STORED DATA →
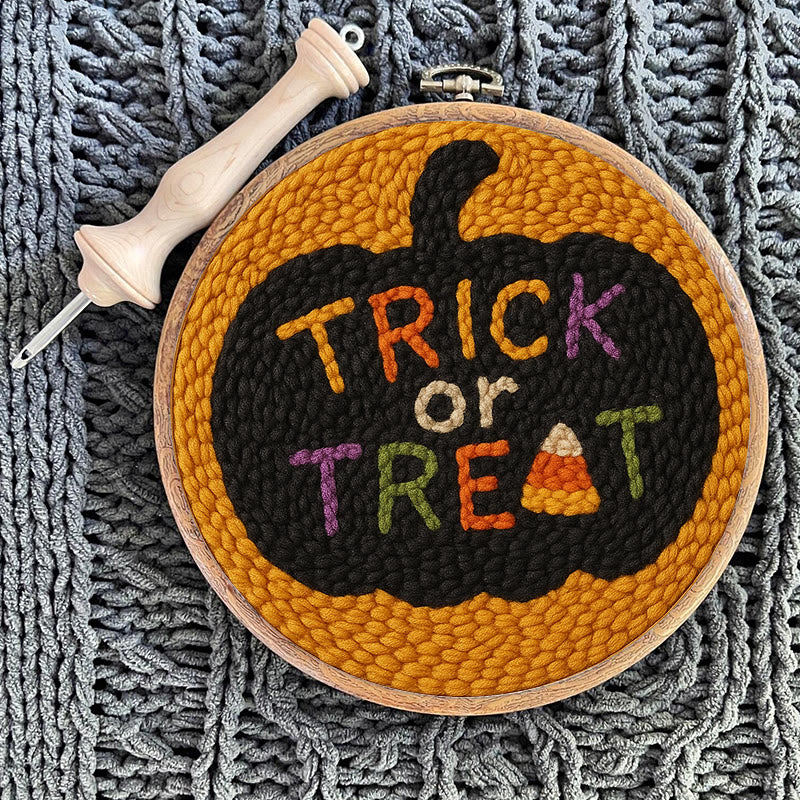 Trick Or Treat Punch Needle Kit - Creative Halloween Wall Decor | Diy Yarn Handmade Art - image 3
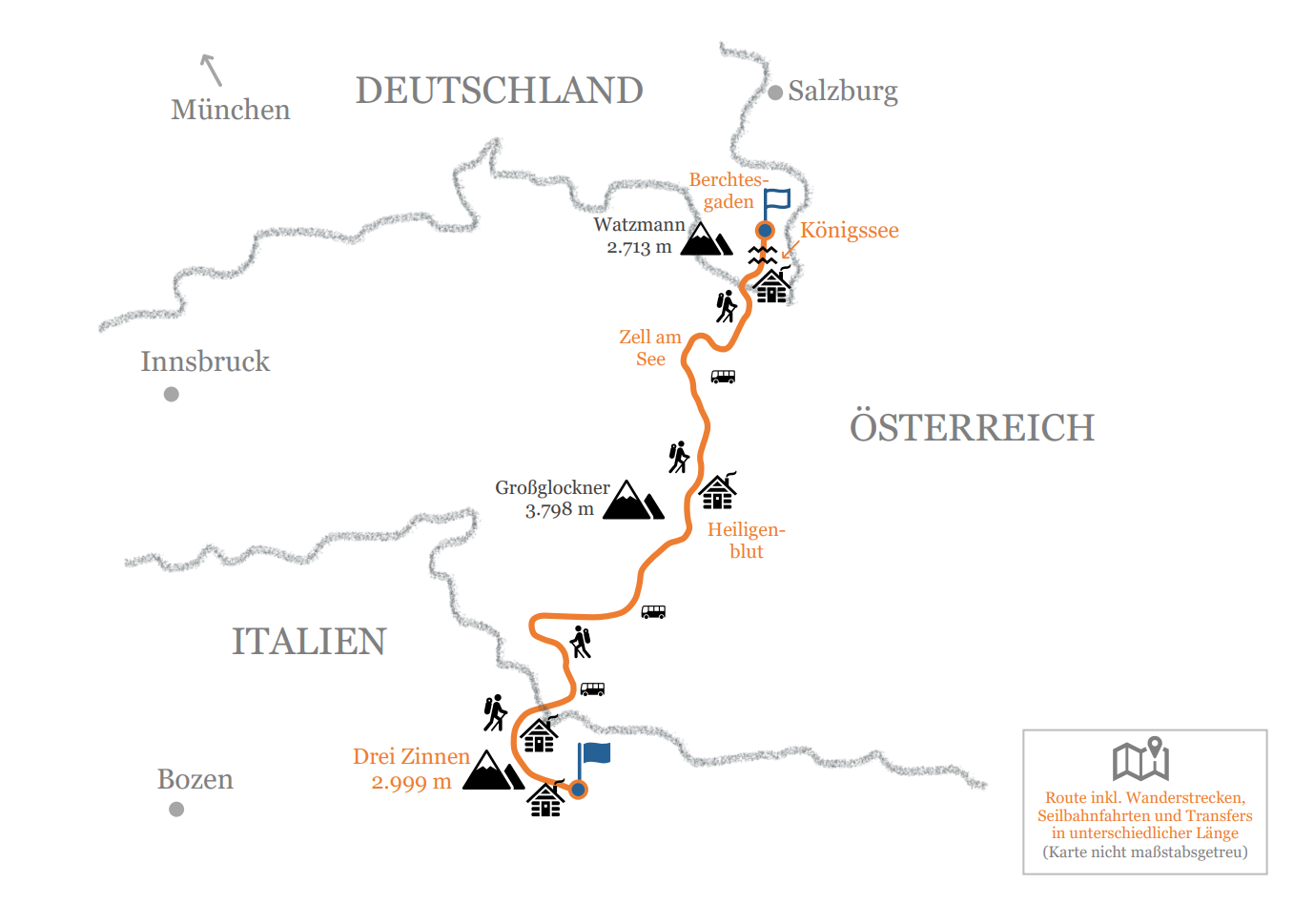 Routenplan: Vom Königssee bis zu den Drei Zinnen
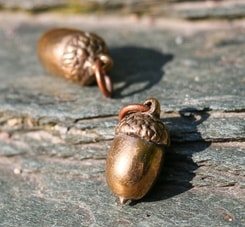 ACORN, oak pendant, bronze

TASK PROMPT → Print the full listing above exactly. Pictures stay out of the copy.

YOUR RESPONSE →
 Trick Or Treat Punch Needle Kit - Creative Halloween Wall Decor | Diy Yarn Handmade Art - image 3
 Routenplan: Vom Königssee bis zu den Drei Zinnen
 ACORN, oak pendant, bronze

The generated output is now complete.